Armed with this list, you can decide how much time you want (or need) to devote to each activity. Only you know, for example, the state of your finances. It may be that you can afford to complete part-time work (or an internship) during the holidays and concentrate on your studies and socialising during term time. Or you may want to work during term time, but limit it to one or two shifts a week in order to fit in rugby practice and a game once a week on top of your studies.
Reflect on your priorities regularly and adjust accordingly. In the run up to exams, for instance, you’ll probably find yourself cutting down on your other commitments. Whatever you decide, be realistic about what is achievable and schedule in some downtime.
Plan, plan, plan
Next, organise your time so that your priorities don’t suffer. Use an app on your phone (or a paper diary and wall calendar if that works better for you) to schedule in your commitments: important lectures and assignment deadlines, dates and times you have agreed to work and key social events. Take a look at your entire week and plan in the time to study and relax around them.

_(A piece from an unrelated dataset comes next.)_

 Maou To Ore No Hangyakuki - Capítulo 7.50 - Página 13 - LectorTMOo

It may not be easy if you take up zero-hour contract work, but try to gain a structured work pattern so that you can get into a routine and don’t agree to work at a time when you have lectures or tutorials scheduled. Think also about the time of day when you are most productive, awake and alert – some people are morning larks while others are night owls – and try to schedule what is most important to you then.
Keep everyone informed
It's inevitable that there will be times when your studies need to take precedence over part-time work. If you work regular times, give your employer as much notice as possible that you will need more time during this period and try to negotiate a solution.
University staff also appreciate fully that money is an issue and recognise that students need to work. If you do find yourself struggling to produce coursework on time seek advice and support as early as you can from your tutor. Deadlines can be extended in exceptional circumstances.

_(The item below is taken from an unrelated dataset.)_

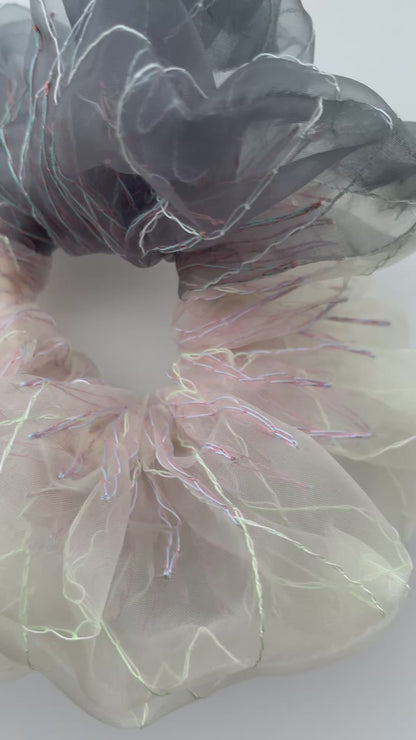 scrunchie bicolor 1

Keep a record of your part-time jobs for your CV
Recruiters love students with part-time work on their CV. Holding down a part-time job will demonstrate time management, a strong work ethic , the ability to be proactive and indicate that you carry through on your commitments. All part-time jobs will give you exposure to the working world and develop your interpersonal skills. And specific part-time jobs will develop particular skills: customer-facing part-time work will give you insight into client management, for example.
Periodically, note down any skills and knowledge you have used in your part-time job (for example, teamwork, organisation, customer service, understanding new systems) and any achievements (for example, good feedback from your manager or customers or training new members of staff). Take a note of any numbers (for example, how many customers you might serve in a day). You can use these to really make the most of your part-time work on your CV.
Take care of yourself
Be realistic about what you can do and don’t promise something you can’t deliver, or people will be less sympathetic to your needs another time. You can rush around from pillar to post for so long but eventually you need to get enough sleep. There are only 24 hours in a day and seven days in a week and you need time to unwind and relax. In the end, your health is the most important thing.
If you are still concerned, talk to student services/student support at your university as specially trained advisers can often give you financial advice, from ways to budget to dealing with personal debt. They may present options that you didn’t know about.